Do a job with 2X the parallelism and use 4X less power -- if the hardware is designed right. Yes, it's a square law. And that "right" hardware design has nothing to do with simplifying the processor design.
No, nobody's going to achieve that in practice, for reasons I'll get into below; it's a limit. But it's very hard to argue with a quadratic in the long run.
That's why I would have thought this would be in the forefront of everybody's mind these days. After all, it affects both software and hardware design of parallel systems. While it seems particularly to affect low-power applications, in reality everything's a low-power issue these days. Instead, I finally tracked it down, not anywhere on the Interwebs, but in physical university library stacks, down in the basement, buried on page 504 of a 1000-page CMOS circuit design text.
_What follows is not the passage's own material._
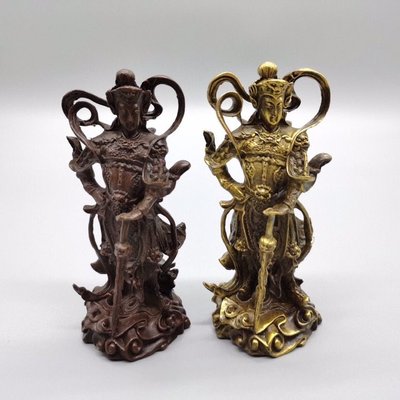 小藝古玩~純銅佛像韋馱菩薩黃銅菩薩銅像護法韋陀像伽藍菩薩神像家居裝飾品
This is an issue that has been bugging me for about five months, ever since my post Japan Inc., vs. Intel – Not Really. Something odd was going on there. When they used more processors, reducing per-processor performance to keep aggregate performance constant, they appeared to noticeably reduce the aggregate power consumption of the whole chip. For example, see this graph of the energy needed to execute tomcatv in a fixed amount of time (meeting a deadline); it's Figure 12 from this paper:
In particular, note the dark bars, the energy with power saving on. They decrease as the number of processors increases. The effect is most noticeable in the 1% case I've marked in red above, where nearly all the energy is spent on actively switching the logic (the dynamic power). (Tomcatv is a short mesh-generation program from the SPEC92 benchmark suite.)
More processors, less power. What's going on here?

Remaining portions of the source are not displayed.